As well as Auto Guidance, BlueChart has a few other interesting features: Depth Range Shading enables you to see at a glance 10 different depth ranges, which is ideal in small, fast boats; detailed 1ft contour charting of the seabed is also possible – ideal for fishing or getting a detailed look at restricted waters. The 922xs has the same comprehensive range of features as the 1022xsv with the same screen resolution, and like the 1022xsv, it can be flush- or bail (bracket)-mounted. However, it is a purely touch screen system, which, though comparatively smaller as a result of having no key panel, is harder to operate in a lively boat, especially when wet, which is why our test boat had both forms of plotter.

Complementing the plotters was Garmin’s latest digital radar, the GMR 18 Xhd Radome. Weighing just 7.7kg and 50cm in diameter, it was perfect for the 7.5m Ribcraft. However, it can see out to 48 nautical miles if need be, as well as zooming into a buoy just 20 metres away – one of the many advantages of digital radar. It transmits at 4kW and has a typical power consumption of 30w, making it realistic for a single-outboard-powered boat. Like all modern radars, it features radar overlay on the chart screen as well as a dual-range display. Providing you fit an optional heading sensor, you have the security of target tracking, enabling collision avoidance, further enhanced by a guard zone alarm alerting you when objects enter your predefined safety zone. On-screen echo trails indicate the wake of moving objects, making it easy to differentiate between stationary and moving targets. For clearer imaging, the GMR 18 has ‘Dynamic Auto Gain’ to adjust the gain levels between harbour and offshore waters, as well as ‘Dynamic Sea Filter’ to automatically adjust gain between calm, moderate and rough sea states.

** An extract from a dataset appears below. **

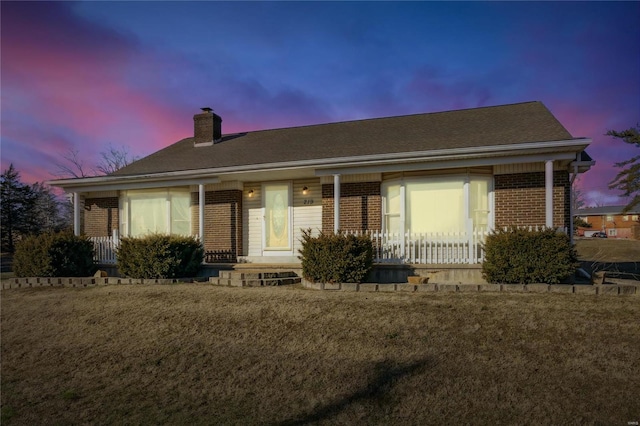 219 Cypress St, Park Hills, MO 63601 - view of front facade with brick siding, a chimney, and a porch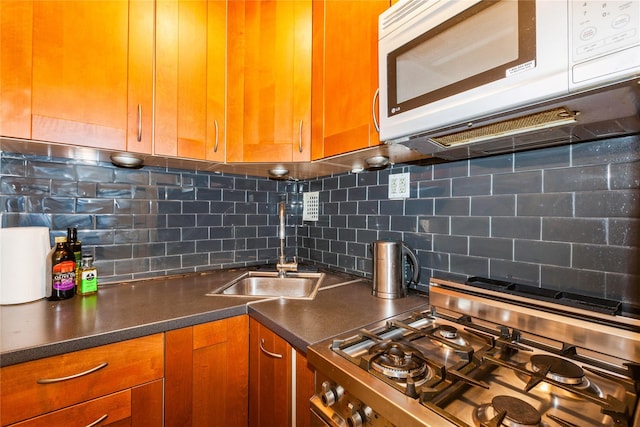 kitchen featuring white microwave, stainless steel gas range oven, a sink, backsplash, and brown cabinetry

Garmin have certainly embraced the recent sonar revolution enabling skippers to get a much better picture of life beneath their boat with a simple all-in-one transom-mount transducer – the GT51M-TM, which links directly to the 922xs and the 1022xsv. There have been several sonar systems launched recently that give a realistic 3D picture of the seabed, so it is no real surprise that Garmin have come up with an easily fitted system with much the same benefits. Ideal for those who want CHIRP traditional sonar, CHIRP ClearVü and CHIRP SideVü scanning sonar, this transducer displays clear and crisp fish arches with superior target separation as well as clear pictures of objects, structure and fish that pass below and to each side of your boat. Garmin state that it is optimised for rough sea conditions, so one can also hope that it operates effectively at high speed, unlike some earlier-generation transducers. The CHIRP ClearVü/SideVü elements have a power rating of 500w per element (1500w total) and operating frequencies of 260/455 kHz. The traditional CHIRP sonar has a power rating of 600w and operating frequencies of mid-band CHIRP 80–160 kHz. It also includes a built-in fast-response temperature sensor. The maximum depth reading is 1800ft courtesy of traditional 600w CHIRP, while ClearVü can see down to 1000ft and SideVü reaches down to 750ft.

The 922xs can be bought from around £1,250, the 1022xsv costs approximately £2,000, the GT51M-TM retails at £500 or less, the VIRB Ultra 30 is £390, and a Garmin GMR 18HD dome radar can be had from £1,050 if you shop around.